• _EXERCISE GOAL_
Lines below starting with the line with "91精品一区二区丝袜美腿封面" and going on through the line with "Actual product image" must be output exactly; the rest of the records must be left out.

• _MATERIAL FOR THIS TASK_

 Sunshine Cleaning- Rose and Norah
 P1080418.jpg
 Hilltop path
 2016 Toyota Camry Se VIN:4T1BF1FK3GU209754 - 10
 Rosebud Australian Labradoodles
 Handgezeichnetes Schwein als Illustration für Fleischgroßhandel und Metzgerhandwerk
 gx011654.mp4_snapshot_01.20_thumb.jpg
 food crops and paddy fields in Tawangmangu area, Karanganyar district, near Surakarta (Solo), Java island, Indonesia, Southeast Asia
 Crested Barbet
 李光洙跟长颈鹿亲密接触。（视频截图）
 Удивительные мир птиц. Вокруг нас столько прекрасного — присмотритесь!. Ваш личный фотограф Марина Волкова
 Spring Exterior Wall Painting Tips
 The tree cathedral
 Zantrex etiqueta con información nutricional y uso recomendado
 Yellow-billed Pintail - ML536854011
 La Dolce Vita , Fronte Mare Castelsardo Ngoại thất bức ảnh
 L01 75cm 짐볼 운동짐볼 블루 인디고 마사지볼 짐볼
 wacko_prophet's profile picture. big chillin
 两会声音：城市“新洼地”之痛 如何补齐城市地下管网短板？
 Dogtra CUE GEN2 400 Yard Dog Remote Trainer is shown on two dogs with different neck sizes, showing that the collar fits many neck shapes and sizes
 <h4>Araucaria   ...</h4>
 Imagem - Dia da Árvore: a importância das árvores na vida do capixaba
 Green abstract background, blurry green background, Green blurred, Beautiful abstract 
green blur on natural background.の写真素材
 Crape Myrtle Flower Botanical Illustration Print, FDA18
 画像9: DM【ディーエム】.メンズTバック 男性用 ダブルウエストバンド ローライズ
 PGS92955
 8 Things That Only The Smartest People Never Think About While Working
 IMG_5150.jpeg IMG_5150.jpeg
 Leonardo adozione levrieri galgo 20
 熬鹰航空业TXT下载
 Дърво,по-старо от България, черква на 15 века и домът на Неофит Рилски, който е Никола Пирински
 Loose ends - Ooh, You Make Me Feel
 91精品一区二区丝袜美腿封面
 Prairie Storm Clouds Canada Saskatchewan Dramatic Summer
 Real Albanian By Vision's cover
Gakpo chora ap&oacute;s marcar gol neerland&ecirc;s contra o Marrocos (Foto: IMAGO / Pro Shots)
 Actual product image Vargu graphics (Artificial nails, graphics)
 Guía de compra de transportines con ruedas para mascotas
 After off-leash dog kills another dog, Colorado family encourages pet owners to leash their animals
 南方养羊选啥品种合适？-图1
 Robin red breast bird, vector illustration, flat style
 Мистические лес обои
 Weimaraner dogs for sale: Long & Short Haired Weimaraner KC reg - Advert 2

• _ANSWER BELOW_
 91精品一区二区丝袜美腿封面
 Prairie Storm Clouds Canada Saskatchewan Dramatic Summer
 Real Albanian By Vision's cover
Gakpo chora ap&oacute;s marcar gol neerland&ecirc;s contra o Marrocos (Foto: IMAGO / Pro Shots)
 Actual product image Vargu graphics (Artificial nails, graphics)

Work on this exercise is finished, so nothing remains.